À guisa de exemplo, até recentemente, na Rodovia SP-300 Marechal Cândido Rondon, no trecho que corta a cidade de Bauru, uma rodovia de pista dupla, sem cruzamentos em nível (todas as ligações cruzando a rodovia são feitos por viadutos) e com um claro distanciamento das áreas urbanas da rodovia, o limite de velocidade foi reduzido, cerca de 10 anos atrás, de 110 km/h para 80 km/h. E como a moda pegou, recentemente o mesmo foi feito em Botucatu, São Manoel (trechos curtos) e Lençóis Paulista, naturalmente que acompanhados de radares de velocidade.
E assim o trânsito brasileiro fica represado, com motoristas dirigindo em velocidades antinaturais, sempre partindo do pressuposto que há somente assassinos em potencial dirigindo carros, uma indústria de multas autuando de maneira intensa e impiedosa, enquanto o dia a dia das ruas continua matando e muito em nosso país.
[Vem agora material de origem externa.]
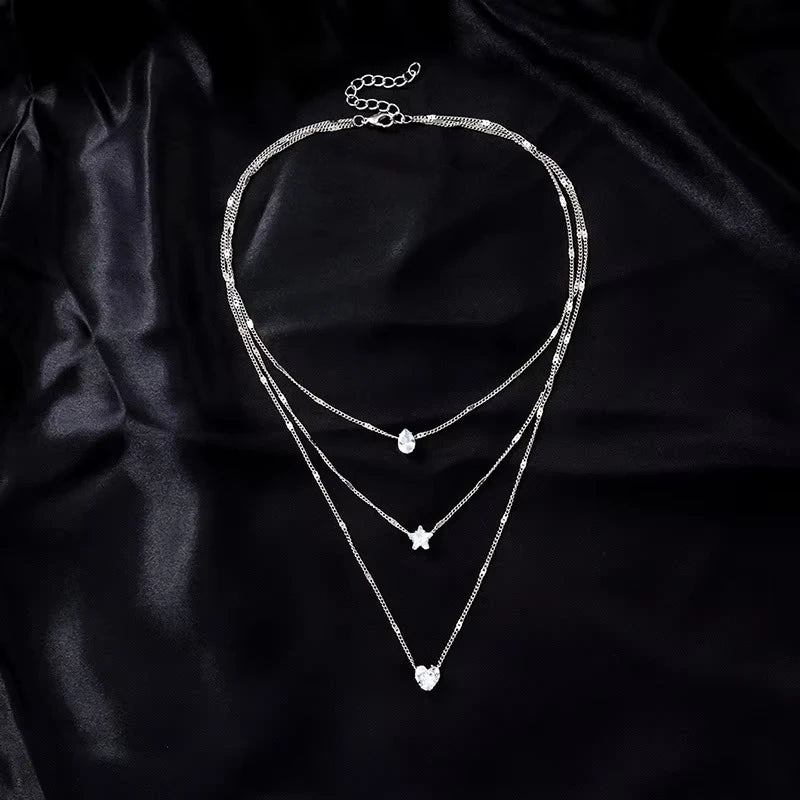 Collar con colgante de circonita para mujer, cadena multicapa, gargantilla, a la moda, brillante, joyería de fiesta, regalo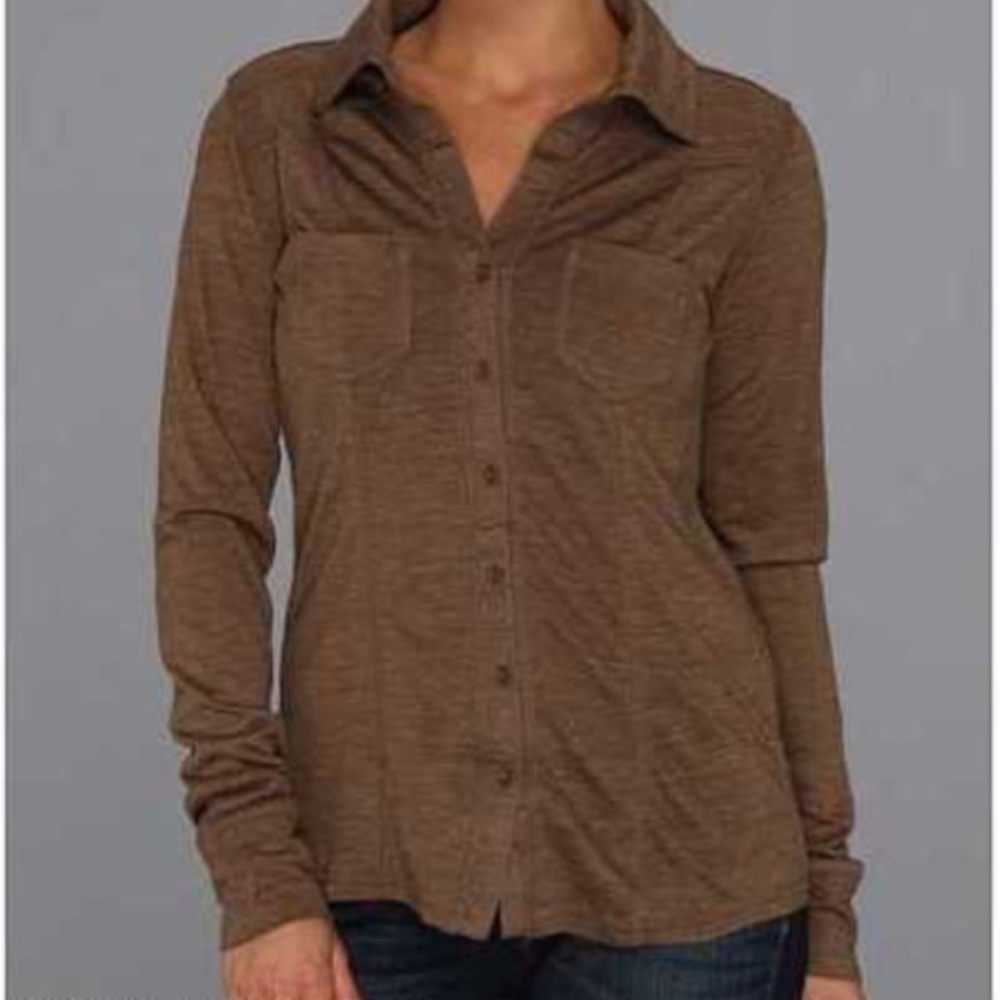 Prana Luna Long Sleeve Button up Taupe XS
É importante ressaltar também que os radares de velocidade nas estradas eliminou a fiscalização policial e os postos rodoviários, que outrora serviam de apoio ao motorista. Dessa maneira também acabou aquela fiscalização onde o policial verificava documentos, aspectos externos do veículo e condições mínimas de rodagem (essa sim importante, e não o caça-níquel da “inspeção veicular”) também deixou de existir e acabamos chegando à triste conclusão que, no Brasil, velocidade é usada como justificativa para todos os males do trânsito, o bode expiatório a quem é atribuída toda a responsabilidade da ignorância e da incapacidade técnica de certos profissionais da área, além do mau estado de conservação das rodovias brasileiras.